# Classification 

- Classification problems are an important category of problems where outcome variable takes discrete values.
- Primary objective is to predict the probability of an observation belonging to a class, known as class probability.

## Overview of classification..
- Classification problems with binary outcomes are called binary classification.
- Classification problems with multiple outcomes are called multinomial classification.
- Techniques used for solving classification problems:
    1. Logistical regression
    2. Classificaion trees
    3. Discriminant analysis
    4. Neural networks
    5. Support vector machines (SVM)

## Diabetes classificaiton: A simple example.
- Suppose we have the following patient data, which consists of a single feature (blood glucose level), and a class label 0 for non-diabetic and 1 for diabetic.
- put blood glucose level on x-axis and class label on y-axis.
- when we plot the graph, we get a sigmoid curve which connects all the points.
- Here line y = 0.5 is the classifier. It breaks the sample space into two different classes, diabetic and non-diabetic.

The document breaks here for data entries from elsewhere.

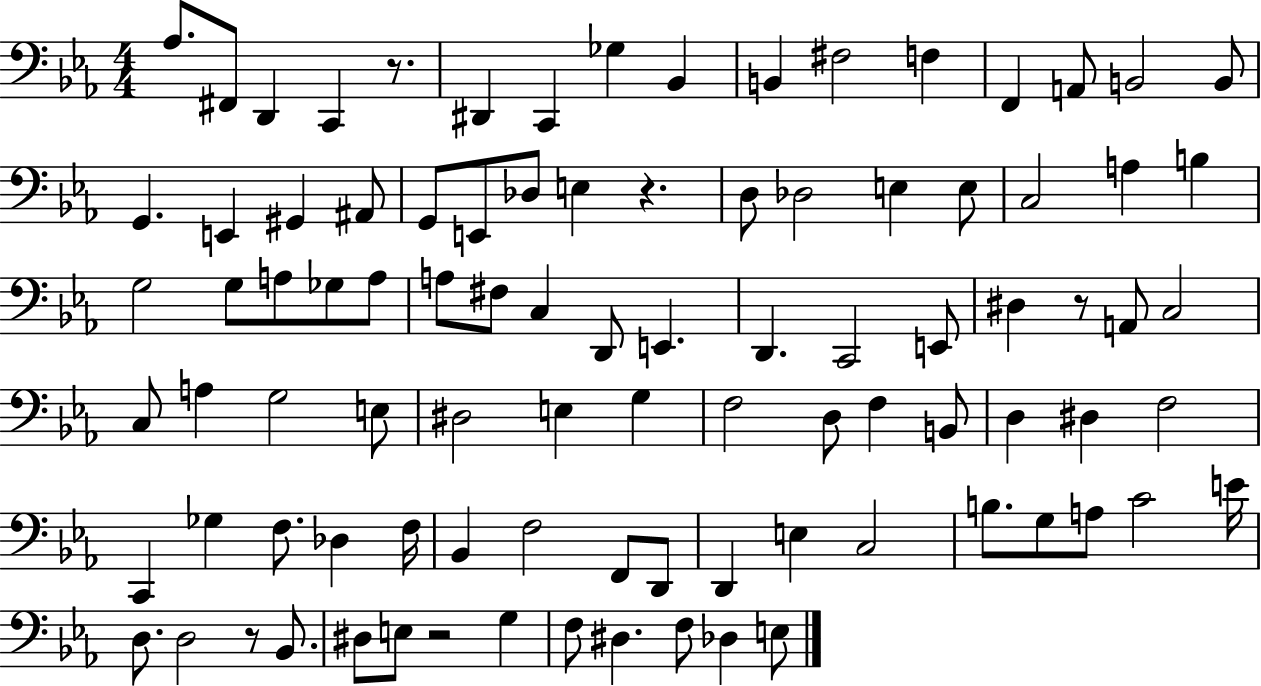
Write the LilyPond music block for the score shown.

{
  \clef bass
  \numericTimeSignature
  \time 4/4
  \key ees \major
  aes8. fis,8 d,4 c,4 r8. | dis,4 c,4 ges4 bes,4 | b,4 fis2 f4 | f,4 a,8 b,2 b,8 | \break g,4. e,4 gis,4 ais,8 | g,8 e,8 des8 e4 r4. | d8 des2 e4 e8 | c2 a4 b4 | \break g2 g8 a8 ges8 a8 | a8 fis8 c4 d,8 e,4. | d,4. c,2 e,8 | dis4 r8 a,8 c2 | \break c8 a4 g2 e8 | dis2 e4 g4 | f2 d8 f4 b,8 | d4 dis4 f2 | \break c,4 ges4 f8. des4 f16 | bes,4 f2 f,8 d,8 | d,4 e4 c2 | b8. g8 a8 c'2 e'16 | \break d8. d2 r8 bes,8. | dis8 e8 r2 g4 | f8 dis4. f8 des4 e8 | \bar "|."
}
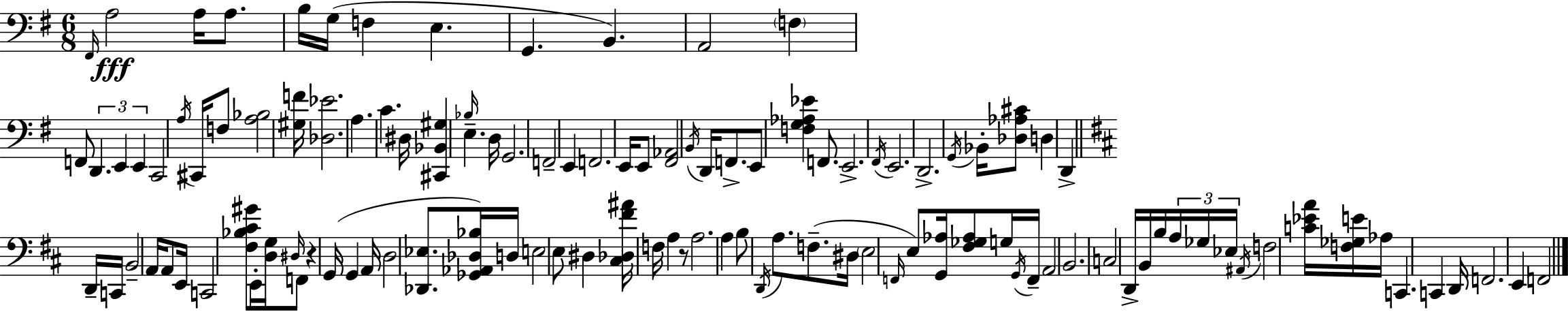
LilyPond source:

{
  \clef bass
  \numericTimeSignature
  \time 6/8
  \key e \minor
  \grace { fis,16 }\fff a2 a16 a8. | b16 g16( f4 e4. | g,4. b,4.) | a,2 \parenthesize f4 | \break f,8 \tuplet 3/2 { d,4. e,4 | e,4 } c,2 | \acciaccatura { a16 } cis,16 f8 <a bes>2 | <gis f'>16 <des ees'>2. | \break a4. c'4. | dis16 <cis, bes, gis>4 \grace { bes16 } e4.-- | d16 g,2. | f,2-- e,4 | \break f,2. | e,16 e,8 <fis, aes,>2 | \acciaccatura { b,16 } d,16 f,8.-> e,8 <f g aes ees'>4 | f,8. e,2.-> | \break \acciaccatura { fis,16 } e,2. | d,2.-> | \acciaccatura { g,16 } bes,16-. <des aes cis'>8 d4 | d,4-> \bar "||" \break \key d \major d,16-- c,16 b,2-- a,16 a,8 | e,16 c,2 <fis bes cis' gis'>8 | e,16-. <d g>16 \grace { dis16 } f,8 r4 g,16( g,4 | a,16 d2 <des, ees>8. | \break <ges, aes, des bes>16) d16 e2 | e8 dis4 <cis des fis' ais'>16 f16 a4 | r8 a2. | a4 b8 \acciaccatura { d,16 } a8. | \break f8.--( dis16 \parenthesize e2 | \grace { f,16 } e8) <g, aes>16 <fis ges aes>8 g16 \acciaccatura { g,16 } f,16-- a,2 | b,2. | c2 | \break d,16-> b,16 b16 \tuplet 3/2 { a16 ges16 ees16 } \acciaccatura { ais,16 } f2 | <c' ees' a'>16 <f ges e'>16 aes16 c,4. | c,4 d,16 f,2. | e,4 f,2 | \break \bar "|."
}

## Diabetes classification.
- Dataset: diabetes dataset
- The diabetes dataset used in this exercise is based on data originally collected by National Institute of Diabetes and Digestive and Kidney Diseases.

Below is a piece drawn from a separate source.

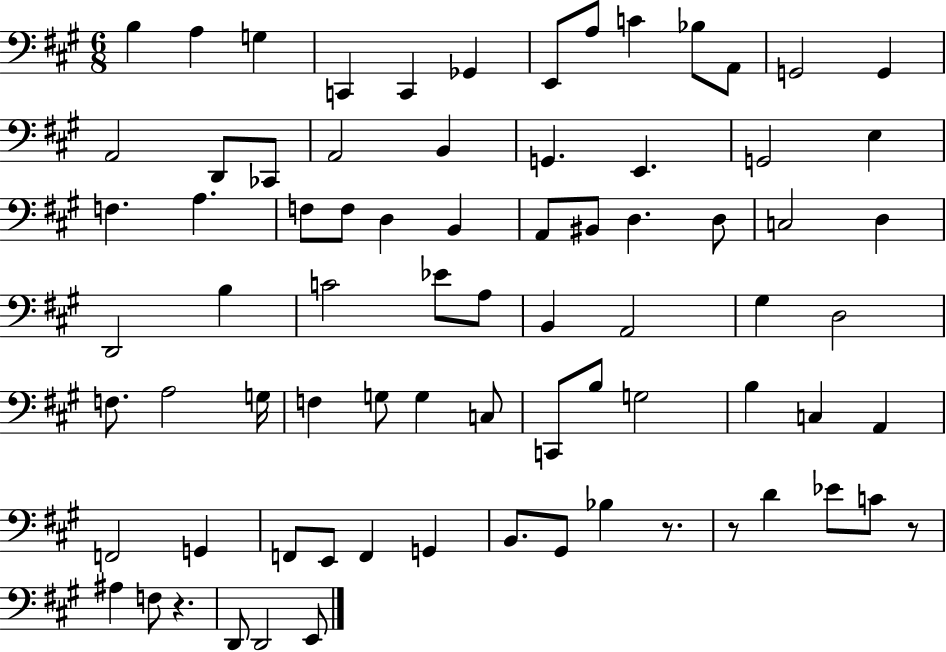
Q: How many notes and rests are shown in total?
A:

- NOTE: you can load a dataset from some other location on internet using wget command:
```python
# load the training dataset:
!wget https://raw.githubusercontent.com/MicrosoftDocs/mslearn-introduction-to-machine-learning/main/Data/ml-basics/diabetes.csv
diabetes = pd.read_csv('diabetes.csv')
diabetes.head()
```

- Identification of x and y: all attributes are feature vectors except "Diabetic".
- Here, "Diabetic" is a label.

## Creating Feature x and label y
```python

# Separate features and labels
features = ["Pregnancies", "PlasmaGlucose", "DiastolicBloodPressure", TricepsThickness, SerumInsuline, BMI, DiabetesPedigree, Age]
lebel = 'Diabetic'
X, y = diabetes[features].values, diabetes[label].values
```

- Split the dataset into training and testing sets.
```python


    X_train ... = train_test_split(X,y, test_size=0.30, random_state=0)

```

- Building model
    - regularization rate = learning rate
    - if learning rate is too high, then we might not get accurate result.
    - if learning rate is too low, then the learning process can take a long time.

- Correct deductions (class 0)
    - TN = True Negative
    - TP = True Positive
- Incorrect deduction (class 1)
    - FN = False Negative
    - FP = False Positive

- Recall determines the total quantity of true positives (some may be wrongly deducted).
    - Recall : TP / (TP + FN) = of all the cases that are positive, how many did model identify?
    - Recall is the **quantity** determination of true positives.
- Precision determines the total number of TP (all are correctly determined)
    - Precision: TP / (TP + FP) = of all cases that the model predicted to be positive, how many actually are positive?
    - Precision is the **quality** determination of true positives.
- F1-Score: It is a collection of Recall and Precision.

- Note that in this case, Precision and Accuracy are two different things.
- Precision = Dart thrower is throwing darts at some common spot. It may or may not be close to bullseye.
- Accuracy = Dart thrower is throwing darts very close to bullseye, but there might be some variance.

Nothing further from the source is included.